In 1991, the Rhode Island Supreme Court decided two important issues regarding alimony in Rhode Island divorce cases: (1) whether a family court can modify alimony obligations prescribed by a separation agreement, where the agreement has been incorporated by reference but not merged into a final judgment; and (2) whether the alimony under the judgment is modifiable despite the fact that the agreement’s alimony is nonmodifiable.
Plaintiff and Defendant were married in 1959 and decided to divorce in 1985. They agreed on the the distribution of the marital property and on their respective alimony obligations.
The parties obtained a final divorce judgment from the family court in June 1985. In paragraph 6 of the judgment, the family court found the agreement to be fair and equitable. The family court therefore incorporated by reference, but explicitly did not merge, the agreement into the judgment.

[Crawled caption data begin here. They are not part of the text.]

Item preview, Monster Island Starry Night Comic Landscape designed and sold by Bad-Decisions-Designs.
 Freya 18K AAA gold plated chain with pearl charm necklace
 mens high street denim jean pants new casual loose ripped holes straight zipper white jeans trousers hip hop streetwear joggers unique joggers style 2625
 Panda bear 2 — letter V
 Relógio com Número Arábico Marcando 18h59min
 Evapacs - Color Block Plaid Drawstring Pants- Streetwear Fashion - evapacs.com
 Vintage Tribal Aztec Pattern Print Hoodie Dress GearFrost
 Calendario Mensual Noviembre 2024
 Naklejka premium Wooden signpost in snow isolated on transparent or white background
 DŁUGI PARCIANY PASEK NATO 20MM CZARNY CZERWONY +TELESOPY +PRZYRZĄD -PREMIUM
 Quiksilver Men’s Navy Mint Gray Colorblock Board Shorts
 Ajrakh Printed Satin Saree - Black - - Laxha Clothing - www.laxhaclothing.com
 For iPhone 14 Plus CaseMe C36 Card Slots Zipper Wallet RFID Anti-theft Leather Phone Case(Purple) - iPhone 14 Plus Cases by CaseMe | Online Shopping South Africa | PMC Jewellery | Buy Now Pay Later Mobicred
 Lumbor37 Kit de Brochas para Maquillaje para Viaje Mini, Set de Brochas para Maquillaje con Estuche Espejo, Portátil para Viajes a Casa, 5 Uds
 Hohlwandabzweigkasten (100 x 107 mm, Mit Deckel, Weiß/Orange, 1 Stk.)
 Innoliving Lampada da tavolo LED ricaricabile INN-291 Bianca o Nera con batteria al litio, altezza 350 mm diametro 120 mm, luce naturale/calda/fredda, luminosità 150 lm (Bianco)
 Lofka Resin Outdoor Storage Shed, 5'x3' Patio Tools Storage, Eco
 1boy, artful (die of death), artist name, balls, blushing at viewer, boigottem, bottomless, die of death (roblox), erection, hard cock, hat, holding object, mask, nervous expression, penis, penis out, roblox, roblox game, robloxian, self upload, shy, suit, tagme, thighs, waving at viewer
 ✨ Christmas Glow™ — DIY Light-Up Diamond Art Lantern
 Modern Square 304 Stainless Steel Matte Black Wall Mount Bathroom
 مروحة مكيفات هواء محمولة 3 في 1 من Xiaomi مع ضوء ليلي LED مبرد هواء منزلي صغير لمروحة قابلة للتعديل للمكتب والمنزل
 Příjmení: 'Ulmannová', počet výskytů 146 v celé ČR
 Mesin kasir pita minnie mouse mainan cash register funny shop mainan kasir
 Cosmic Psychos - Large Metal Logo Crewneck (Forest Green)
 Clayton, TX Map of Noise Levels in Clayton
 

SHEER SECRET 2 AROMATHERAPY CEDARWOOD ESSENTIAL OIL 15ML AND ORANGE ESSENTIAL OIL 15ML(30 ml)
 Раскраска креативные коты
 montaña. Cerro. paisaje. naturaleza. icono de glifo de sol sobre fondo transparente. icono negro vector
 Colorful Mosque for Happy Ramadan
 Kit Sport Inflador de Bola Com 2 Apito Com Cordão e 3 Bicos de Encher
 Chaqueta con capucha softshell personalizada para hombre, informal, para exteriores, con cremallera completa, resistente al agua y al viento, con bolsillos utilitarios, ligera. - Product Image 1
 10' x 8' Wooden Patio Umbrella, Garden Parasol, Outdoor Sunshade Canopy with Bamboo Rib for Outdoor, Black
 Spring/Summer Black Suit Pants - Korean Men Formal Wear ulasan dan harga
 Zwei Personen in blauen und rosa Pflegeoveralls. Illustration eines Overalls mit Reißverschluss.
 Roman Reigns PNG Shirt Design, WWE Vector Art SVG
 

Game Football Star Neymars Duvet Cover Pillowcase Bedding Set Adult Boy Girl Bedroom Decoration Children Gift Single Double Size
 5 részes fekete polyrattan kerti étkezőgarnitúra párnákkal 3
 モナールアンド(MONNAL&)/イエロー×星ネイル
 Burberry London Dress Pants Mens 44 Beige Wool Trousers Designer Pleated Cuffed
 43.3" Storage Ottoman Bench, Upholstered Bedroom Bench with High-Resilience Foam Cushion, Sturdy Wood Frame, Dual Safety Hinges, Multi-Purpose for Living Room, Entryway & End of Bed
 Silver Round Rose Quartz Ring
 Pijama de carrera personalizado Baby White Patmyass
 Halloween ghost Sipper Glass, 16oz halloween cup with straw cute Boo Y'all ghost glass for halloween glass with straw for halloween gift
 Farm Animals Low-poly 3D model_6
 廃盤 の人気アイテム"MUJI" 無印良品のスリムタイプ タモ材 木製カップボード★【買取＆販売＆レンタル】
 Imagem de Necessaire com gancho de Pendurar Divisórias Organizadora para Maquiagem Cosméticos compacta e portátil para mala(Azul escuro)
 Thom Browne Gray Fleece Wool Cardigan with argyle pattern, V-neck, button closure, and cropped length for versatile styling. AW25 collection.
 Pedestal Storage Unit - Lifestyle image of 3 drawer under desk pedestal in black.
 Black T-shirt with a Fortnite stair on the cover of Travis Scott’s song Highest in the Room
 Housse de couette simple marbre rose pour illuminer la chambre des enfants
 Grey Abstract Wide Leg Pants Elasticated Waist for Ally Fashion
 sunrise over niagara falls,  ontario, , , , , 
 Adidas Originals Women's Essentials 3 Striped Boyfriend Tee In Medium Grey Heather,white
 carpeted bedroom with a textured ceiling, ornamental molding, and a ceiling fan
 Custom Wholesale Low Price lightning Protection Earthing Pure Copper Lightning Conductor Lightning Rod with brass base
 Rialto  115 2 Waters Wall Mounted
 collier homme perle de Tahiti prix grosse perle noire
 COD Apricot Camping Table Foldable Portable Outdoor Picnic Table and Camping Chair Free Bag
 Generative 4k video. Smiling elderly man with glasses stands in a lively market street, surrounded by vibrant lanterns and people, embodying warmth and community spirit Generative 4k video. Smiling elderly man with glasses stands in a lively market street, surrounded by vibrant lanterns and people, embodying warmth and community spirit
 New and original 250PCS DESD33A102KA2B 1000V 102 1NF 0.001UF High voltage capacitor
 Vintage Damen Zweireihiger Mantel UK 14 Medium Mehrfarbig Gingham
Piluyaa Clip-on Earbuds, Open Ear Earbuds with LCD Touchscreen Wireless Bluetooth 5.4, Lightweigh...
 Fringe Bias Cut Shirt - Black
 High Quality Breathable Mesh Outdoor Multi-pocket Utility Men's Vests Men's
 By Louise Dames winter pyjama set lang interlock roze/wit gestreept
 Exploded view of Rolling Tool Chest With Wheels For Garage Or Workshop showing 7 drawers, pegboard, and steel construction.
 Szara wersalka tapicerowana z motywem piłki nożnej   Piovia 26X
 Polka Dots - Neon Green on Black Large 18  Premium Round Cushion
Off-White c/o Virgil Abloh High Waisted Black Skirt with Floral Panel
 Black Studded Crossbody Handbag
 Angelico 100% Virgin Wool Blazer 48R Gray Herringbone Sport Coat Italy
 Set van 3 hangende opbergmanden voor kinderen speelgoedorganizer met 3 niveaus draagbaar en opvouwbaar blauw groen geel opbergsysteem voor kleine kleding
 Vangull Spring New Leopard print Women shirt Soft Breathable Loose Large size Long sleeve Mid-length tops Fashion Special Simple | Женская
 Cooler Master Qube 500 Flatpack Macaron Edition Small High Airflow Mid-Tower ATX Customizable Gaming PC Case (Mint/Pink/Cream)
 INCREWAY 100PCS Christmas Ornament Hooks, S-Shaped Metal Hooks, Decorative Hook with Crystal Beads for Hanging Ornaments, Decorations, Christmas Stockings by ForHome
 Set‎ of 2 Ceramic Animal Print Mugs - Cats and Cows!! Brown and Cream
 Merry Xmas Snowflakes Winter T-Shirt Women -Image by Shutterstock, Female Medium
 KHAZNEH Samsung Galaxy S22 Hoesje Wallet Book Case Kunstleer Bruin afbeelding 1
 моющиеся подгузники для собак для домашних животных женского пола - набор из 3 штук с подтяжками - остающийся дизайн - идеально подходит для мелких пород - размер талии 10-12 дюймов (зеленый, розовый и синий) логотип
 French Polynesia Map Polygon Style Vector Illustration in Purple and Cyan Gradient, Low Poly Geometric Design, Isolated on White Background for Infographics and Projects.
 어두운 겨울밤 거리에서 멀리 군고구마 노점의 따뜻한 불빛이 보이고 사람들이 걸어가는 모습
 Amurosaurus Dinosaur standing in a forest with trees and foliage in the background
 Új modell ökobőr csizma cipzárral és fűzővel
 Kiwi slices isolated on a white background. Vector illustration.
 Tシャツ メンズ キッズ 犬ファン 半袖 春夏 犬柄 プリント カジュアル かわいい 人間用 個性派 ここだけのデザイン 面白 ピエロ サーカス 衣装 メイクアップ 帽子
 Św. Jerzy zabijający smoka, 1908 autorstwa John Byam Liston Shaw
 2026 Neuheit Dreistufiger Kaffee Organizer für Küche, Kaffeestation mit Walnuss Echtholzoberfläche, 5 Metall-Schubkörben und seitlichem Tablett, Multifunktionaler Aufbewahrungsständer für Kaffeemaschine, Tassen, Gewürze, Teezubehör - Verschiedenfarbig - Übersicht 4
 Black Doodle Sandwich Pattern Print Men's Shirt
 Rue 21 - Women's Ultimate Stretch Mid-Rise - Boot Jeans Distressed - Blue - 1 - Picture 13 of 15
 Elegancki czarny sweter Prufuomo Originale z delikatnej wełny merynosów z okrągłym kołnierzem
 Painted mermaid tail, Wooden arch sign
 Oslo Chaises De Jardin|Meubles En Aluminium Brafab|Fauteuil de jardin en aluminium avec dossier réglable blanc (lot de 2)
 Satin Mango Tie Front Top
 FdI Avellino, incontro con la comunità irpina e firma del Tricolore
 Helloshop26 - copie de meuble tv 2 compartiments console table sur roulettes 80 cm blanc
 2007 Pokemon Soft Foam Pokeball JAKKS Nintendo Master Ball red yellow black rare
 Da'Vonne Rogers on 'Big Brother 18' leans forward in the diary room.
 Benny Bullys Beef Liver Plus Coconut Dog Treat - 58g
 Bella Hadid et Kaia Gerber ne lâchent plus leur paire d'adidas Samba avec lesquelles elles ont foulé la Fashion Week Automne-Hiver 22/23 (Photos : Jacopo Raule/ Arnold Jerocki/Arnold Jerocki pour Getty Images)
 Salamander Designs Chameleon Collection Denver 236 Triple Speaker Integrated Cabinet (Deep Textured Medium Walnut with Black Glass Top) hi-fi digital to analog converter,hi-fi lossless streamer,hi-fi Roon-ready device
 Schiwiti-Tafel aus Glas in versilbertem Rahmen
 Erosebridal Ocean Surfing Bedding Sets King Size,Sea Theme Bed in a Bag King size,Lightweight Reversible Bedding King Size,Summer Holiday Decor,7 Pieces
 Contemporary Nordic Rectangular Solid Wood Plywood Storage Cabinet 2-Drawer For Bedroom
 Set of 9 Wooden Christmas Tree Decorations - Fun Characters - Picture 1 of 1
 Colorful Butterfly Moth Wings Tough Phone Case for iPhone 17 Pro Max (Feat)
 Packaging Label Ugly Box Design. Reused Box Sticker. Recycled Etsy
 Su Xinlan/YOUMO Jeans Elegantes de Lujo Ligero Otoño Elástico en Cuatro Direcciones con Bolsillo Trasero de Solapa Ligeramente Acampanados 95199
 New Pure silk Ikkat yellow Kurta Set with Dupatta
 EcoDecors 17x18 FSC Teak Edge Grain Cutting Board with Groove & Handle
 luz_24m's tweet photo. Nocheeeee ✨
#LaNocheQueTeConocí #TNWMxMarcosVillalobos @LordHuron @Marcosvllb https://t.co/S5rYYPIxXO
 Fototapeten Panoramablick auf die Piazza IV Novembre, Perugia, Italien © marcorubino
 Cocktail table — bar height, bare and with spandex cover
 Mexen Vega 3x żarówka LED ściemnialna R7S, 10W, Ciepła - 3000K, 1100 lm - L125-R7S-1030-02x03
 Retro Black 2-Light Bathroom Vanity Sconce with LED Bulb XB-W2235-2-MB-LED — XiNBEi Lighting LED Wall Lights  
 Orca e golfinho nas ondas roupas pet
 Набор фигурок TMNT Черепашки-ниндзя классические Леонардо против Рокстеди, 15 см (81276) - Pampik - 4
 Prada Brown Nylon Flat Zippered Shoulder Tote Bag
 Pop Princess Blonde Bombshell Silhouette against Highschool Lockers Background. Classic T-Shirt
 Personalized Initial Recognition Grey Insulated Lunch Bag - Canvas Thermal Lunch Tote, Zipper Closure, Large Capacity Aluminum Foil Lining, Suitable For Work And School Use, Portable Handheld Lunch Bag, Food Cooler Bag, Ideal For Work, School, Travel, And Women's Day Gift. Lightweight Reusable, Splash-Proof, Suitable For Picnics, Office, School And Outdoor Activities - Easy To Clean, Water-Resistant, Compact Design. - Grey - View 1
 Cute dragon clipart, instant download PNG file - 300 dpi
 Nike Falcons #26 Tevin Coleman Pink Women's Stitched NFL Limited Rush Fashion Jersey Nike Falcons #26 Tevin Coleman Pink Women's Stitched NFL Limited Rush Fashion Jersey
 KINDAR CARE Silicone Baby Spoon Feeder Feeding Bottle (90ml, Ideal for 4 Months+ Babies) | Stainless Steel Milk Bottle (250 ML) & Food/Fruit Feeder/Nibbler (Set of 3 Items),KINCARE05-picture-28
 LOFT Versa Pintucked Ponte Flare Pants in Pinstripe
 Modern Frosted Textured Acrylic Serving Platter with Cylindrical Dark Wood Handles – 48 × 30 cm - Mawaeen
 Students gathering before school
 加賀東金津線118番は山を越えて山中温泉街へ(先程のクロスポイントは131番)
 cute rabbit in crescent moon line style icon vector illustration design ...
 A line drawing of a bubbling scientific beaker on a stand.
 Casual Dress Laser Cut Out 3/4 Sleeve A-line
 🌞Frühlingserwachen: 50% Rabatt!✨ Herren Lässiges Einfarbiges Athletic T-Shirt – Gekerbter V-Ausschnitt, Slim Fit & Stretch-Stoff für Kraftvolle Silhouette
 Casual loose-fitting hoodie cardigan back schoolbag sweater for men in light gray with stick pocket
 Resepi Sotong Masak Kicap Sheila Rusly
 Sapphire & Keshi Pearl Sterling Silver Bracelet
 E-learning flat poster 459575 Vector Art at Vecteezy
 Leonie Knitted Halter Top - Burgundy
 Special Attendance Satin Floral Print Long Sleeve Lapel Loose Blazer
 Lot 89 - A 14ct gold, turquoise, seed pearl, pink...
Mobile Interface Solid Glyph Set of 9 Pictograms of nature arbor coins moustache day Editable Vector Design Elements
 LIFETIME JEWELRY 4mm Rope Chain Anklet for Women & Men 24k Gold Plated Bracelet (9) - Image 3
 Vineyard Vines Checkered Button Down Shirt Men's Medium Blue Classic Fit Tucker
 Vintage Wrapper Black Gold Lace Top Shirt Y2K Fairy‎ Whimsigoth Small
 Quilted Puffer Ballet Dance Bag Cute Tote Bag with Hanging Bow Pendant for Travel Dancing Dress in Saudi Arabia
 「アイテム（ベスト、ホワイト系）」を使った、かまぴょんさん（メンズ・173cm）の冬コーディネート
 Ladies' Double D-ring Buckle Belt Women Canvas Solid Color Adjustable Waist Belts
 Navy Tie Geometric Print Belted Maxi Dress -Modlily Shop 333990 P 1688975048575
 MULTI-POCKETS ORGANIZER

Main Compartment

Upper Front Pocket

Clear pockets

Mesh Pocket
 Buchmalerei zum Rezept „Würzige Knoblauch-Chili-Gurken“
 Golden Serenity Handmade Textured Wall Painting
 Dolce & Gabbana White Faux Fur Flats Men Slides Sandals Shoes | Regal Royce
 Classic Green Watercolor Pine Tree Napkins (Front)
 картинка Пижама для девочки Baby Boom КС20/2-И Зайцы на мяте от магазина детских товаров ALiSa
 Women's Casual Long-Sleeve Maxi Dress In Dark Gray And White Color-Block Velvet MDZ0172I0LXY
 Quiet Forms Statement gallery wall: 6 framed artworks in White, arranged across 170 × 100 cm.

In October 1988, the defendant filed a motion for modification of final judgment, to modify his alimony obligations under the final judgment. The plaintiff objected to the defendant’s motion, arguing that the family court could not modify a settlement agreement that is incorporated but not merged into a final divorce judgment. In an order, the family court retroactively modified paragraph 7 of the judgment and paragraph 5 of the agreement. The court further ordered that the defendant’s obligation under paragraphs 7 and 5 of the judgment and the agreement were suspended.
The plaintiff filed for certiorari, making three arguments. First, the family court erroneously construed the defendant’s motion for modification of the final judgment as including a motion to modify. Second, any modification had to be made under contract principles, not the alimony law, because the agreement was not merged into the judgment. Third, the family court failed to properly apply the Bocchino v. Bocchino (1983) standard for modification of alimony under paragraph 7 of the judgment.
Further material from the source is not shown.